Work order
Take the line that contains "Natural Crystal Rough" and each line after it to the end of the material below, and return them exactly, minus the pictures.

Data for review
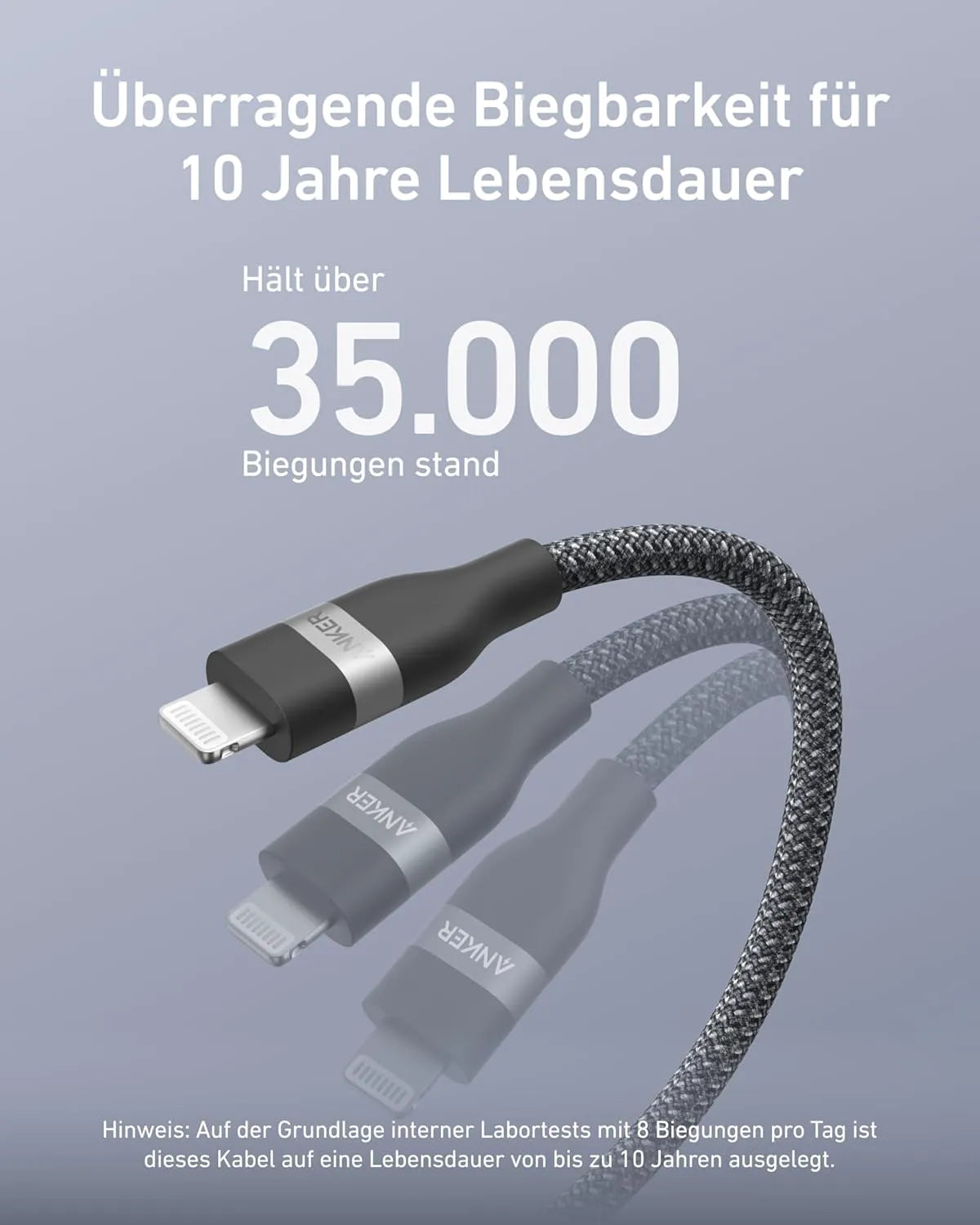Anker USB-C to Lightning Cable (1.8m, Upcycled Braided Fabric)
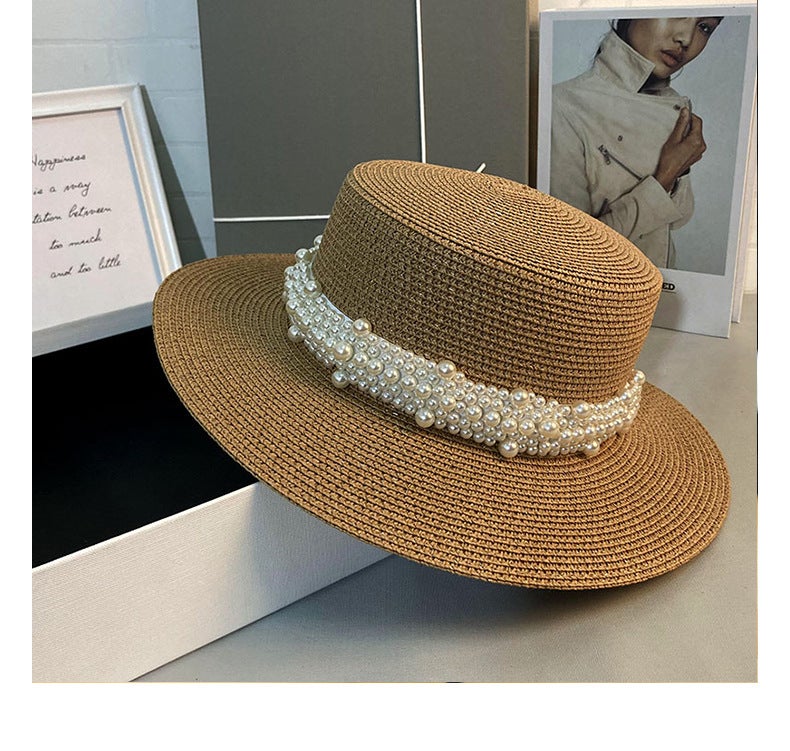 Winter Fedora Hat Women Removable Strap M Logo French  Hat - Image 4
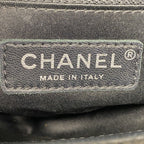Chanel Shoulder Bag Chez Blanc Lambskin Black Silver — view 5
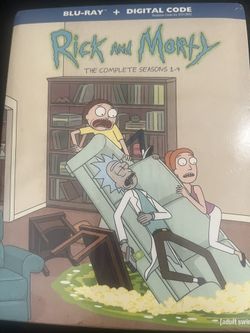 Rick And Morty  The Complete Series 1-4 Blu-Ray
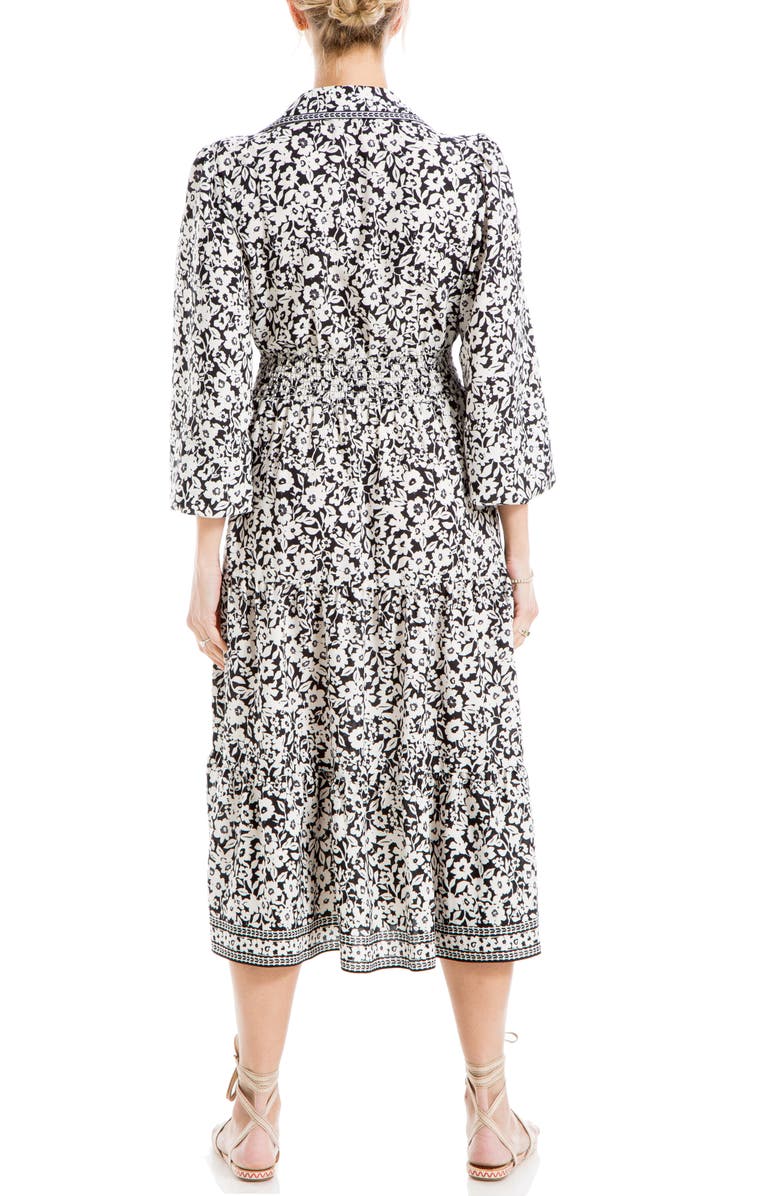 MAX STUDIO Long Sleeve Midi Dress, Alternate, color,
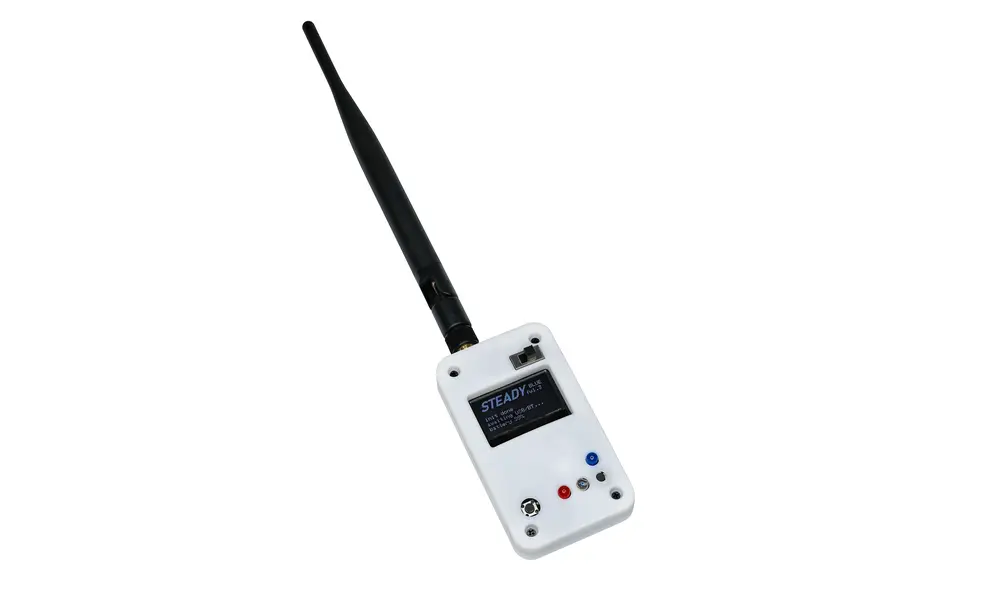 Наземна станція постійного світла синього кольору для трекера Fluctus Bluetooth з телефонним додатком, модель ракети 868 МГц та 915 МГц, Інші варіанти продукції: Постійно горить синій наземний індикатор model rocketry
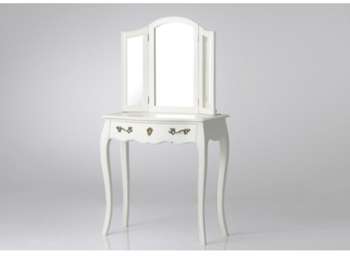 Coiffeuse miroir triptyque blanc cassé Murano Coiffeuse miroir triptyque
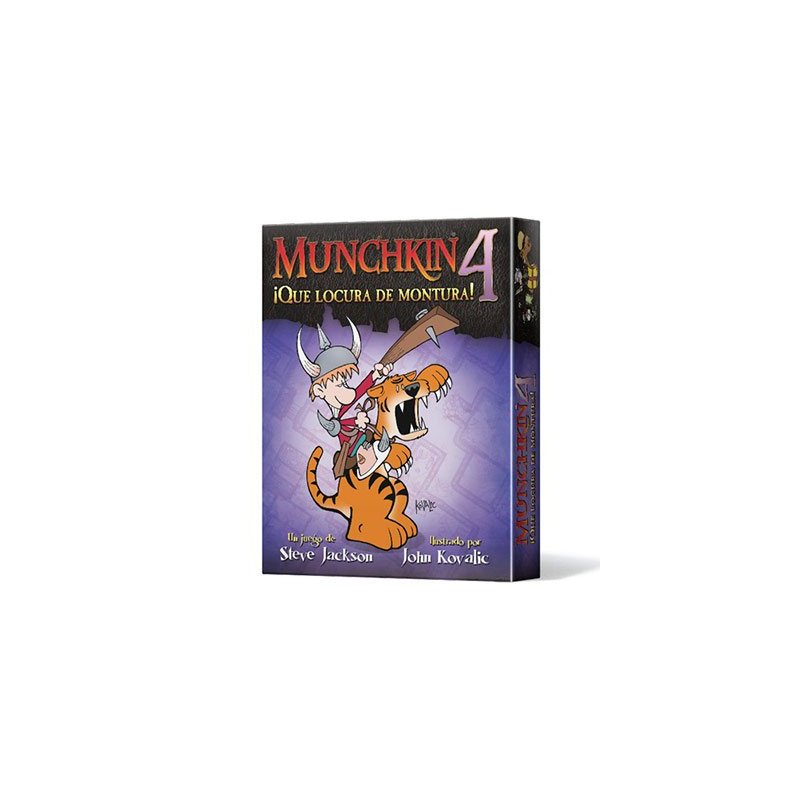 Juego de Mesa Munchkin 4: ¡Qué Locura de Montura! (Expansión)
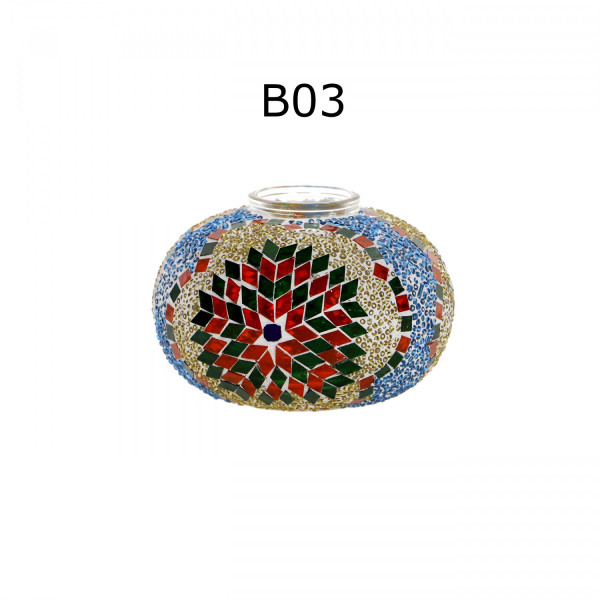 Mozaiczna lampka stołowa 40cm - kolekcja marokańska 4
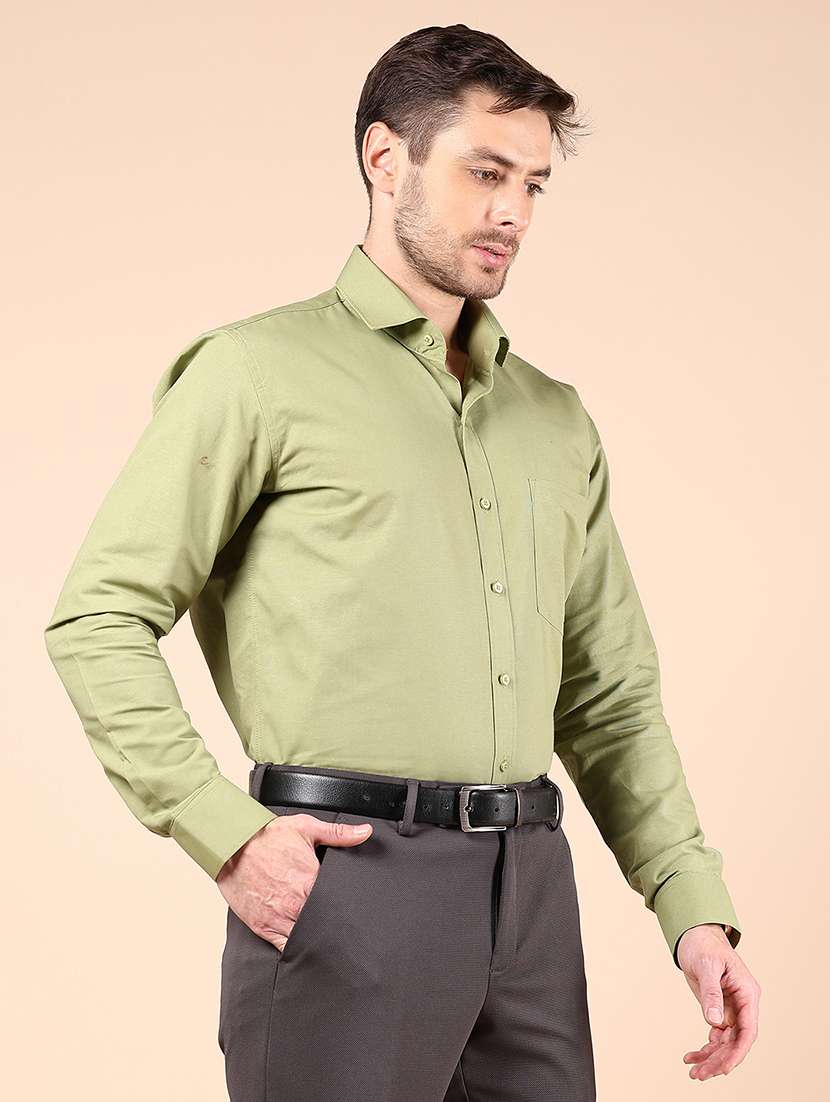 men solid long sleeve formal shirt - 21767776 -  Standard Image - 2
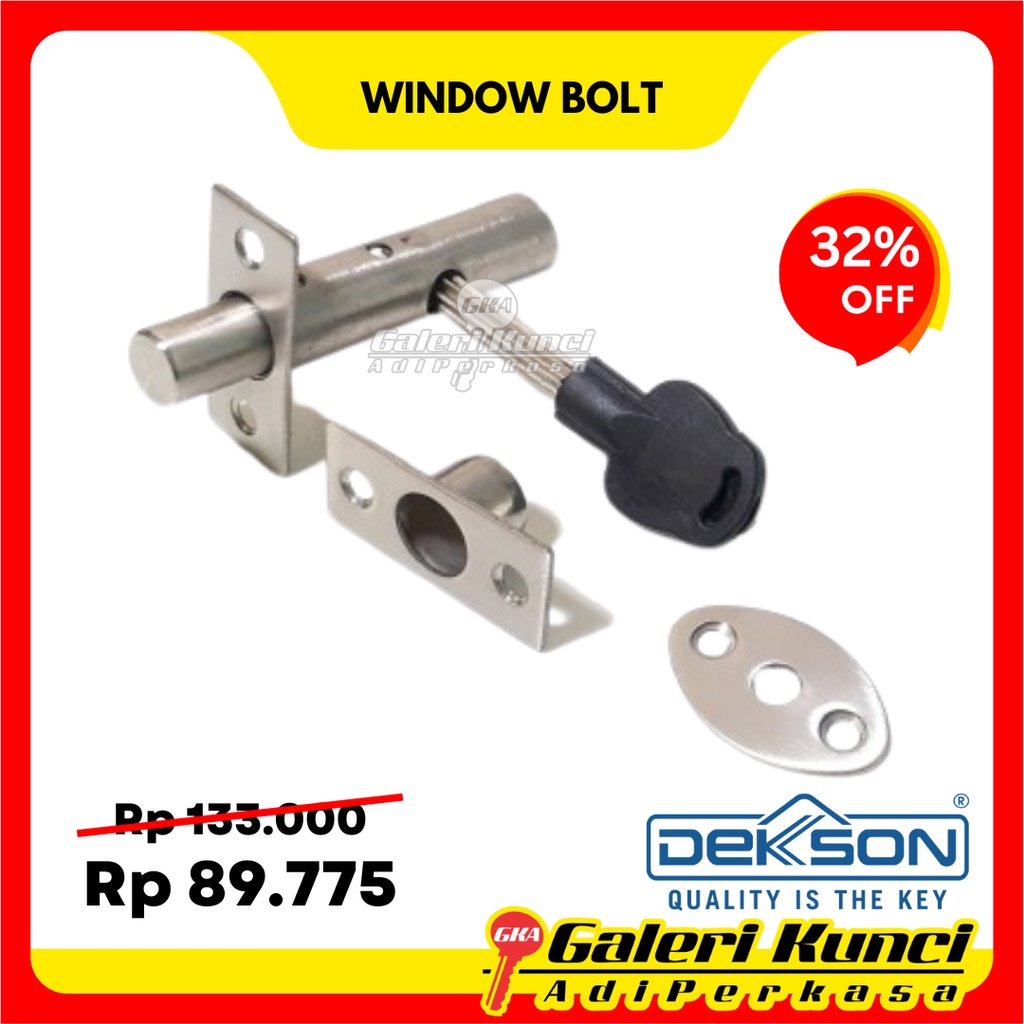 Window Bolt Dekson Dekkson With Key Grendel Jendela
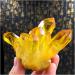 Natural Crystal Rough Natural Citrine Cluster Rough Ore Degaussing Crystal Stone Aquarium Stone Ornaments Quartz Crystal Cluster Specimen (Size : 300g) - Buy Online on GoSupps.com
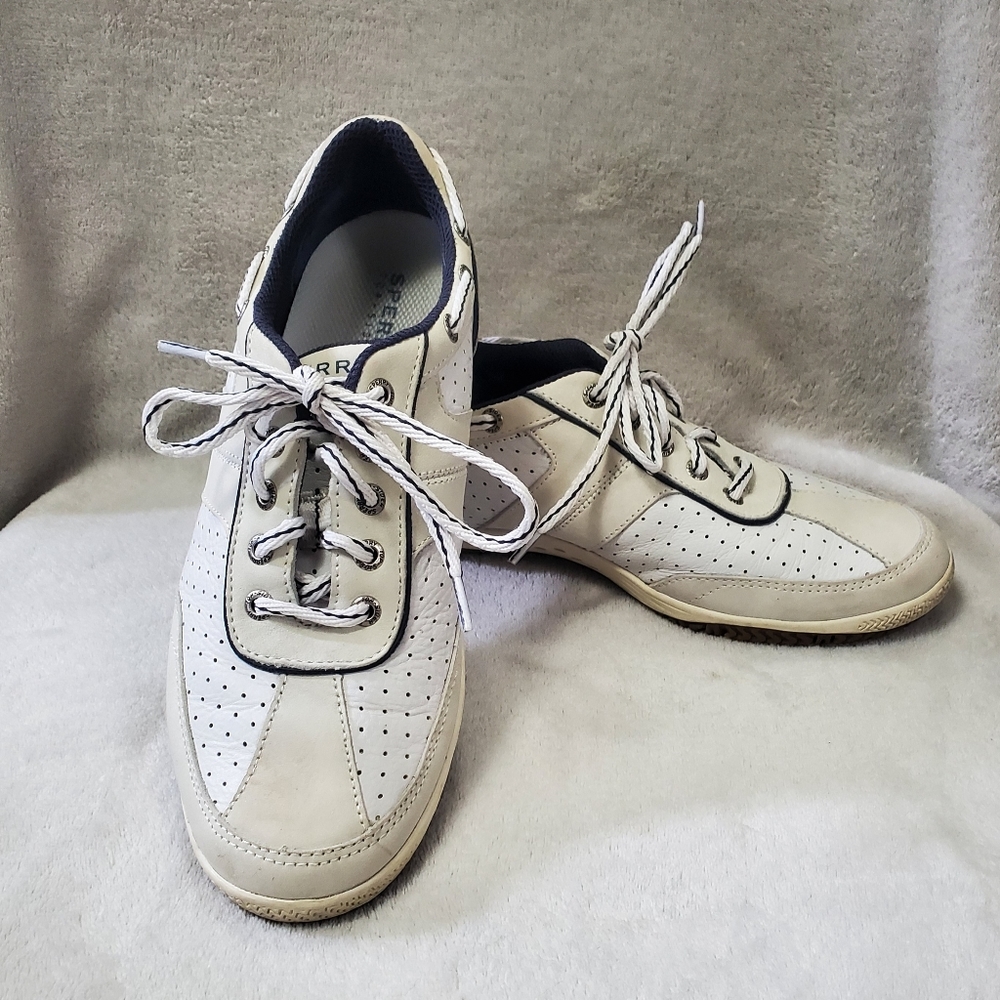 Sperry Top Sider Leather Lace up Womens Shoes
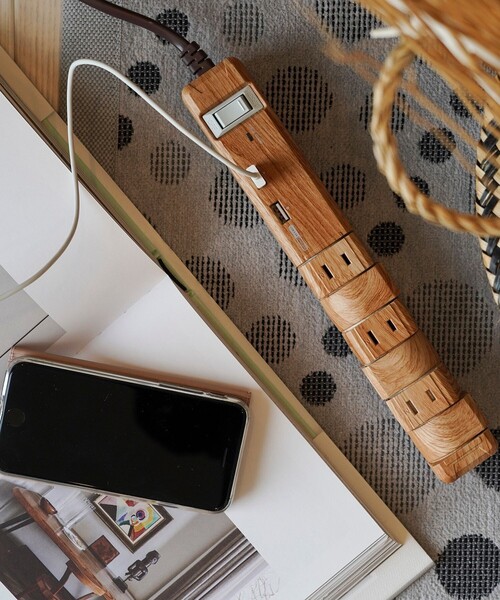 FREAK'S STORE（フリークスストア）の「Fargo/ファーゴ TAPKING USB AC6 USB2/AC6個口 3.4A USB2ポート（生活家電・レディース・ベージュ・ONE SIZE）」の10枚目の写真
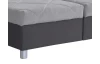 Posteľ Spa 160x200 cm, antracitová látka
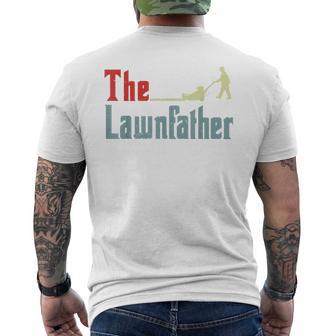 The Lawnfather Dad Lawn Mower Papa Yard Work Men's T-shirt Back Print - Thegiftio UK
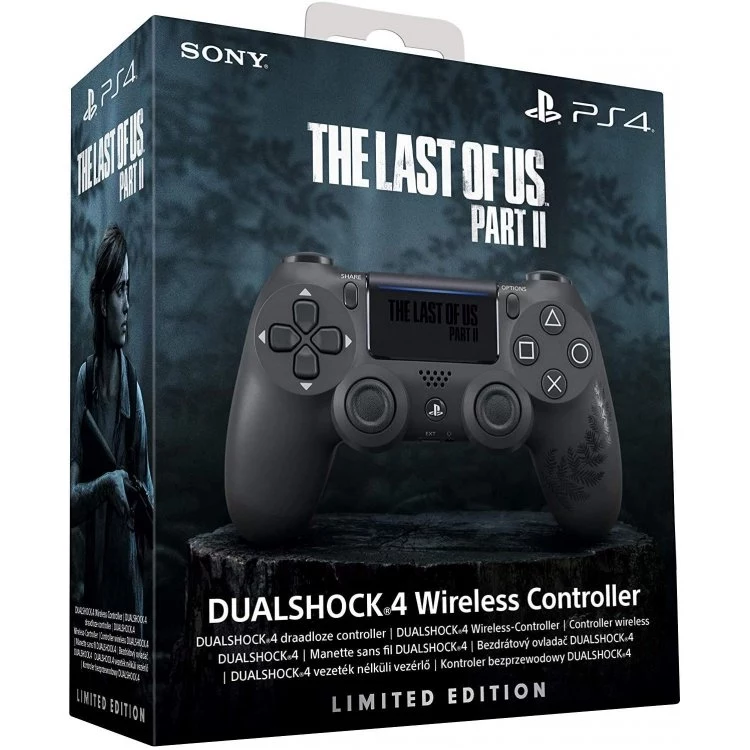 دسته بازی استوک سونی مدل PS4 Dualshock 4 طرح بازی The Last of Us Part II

Solution for this exercise
 Natural Crystal Rough Natural Citrine Cluster Rough Ore Degaussing Crystal Stone Aquarium Stone Ornaments Quartz Crystal Cluster Specimen (Size : 300g) - Buy Online on GoSupps.com
 Sperry Top Sider Leather Lace up Womens Shoes
 FREAK'S STORE（フリークスストア）の「Fargo/ファーゴ TAPKING USB AC6 USB2/AC6個口 3.4A USB2ポート（生活家電・レディース・ベージュ・ONE SIZE）」の10枚目の写真
 Posteľ Spa 160x200 cm, antracitová látka
 The Lawnfather Dad Lawn Mower Papa Yard Work Men's T-shirt Back Print - Thegiftio UK
 دسته بازی استوک سونی مدل PS4 Dualshock 4 طرح بازی The Last of Us Part II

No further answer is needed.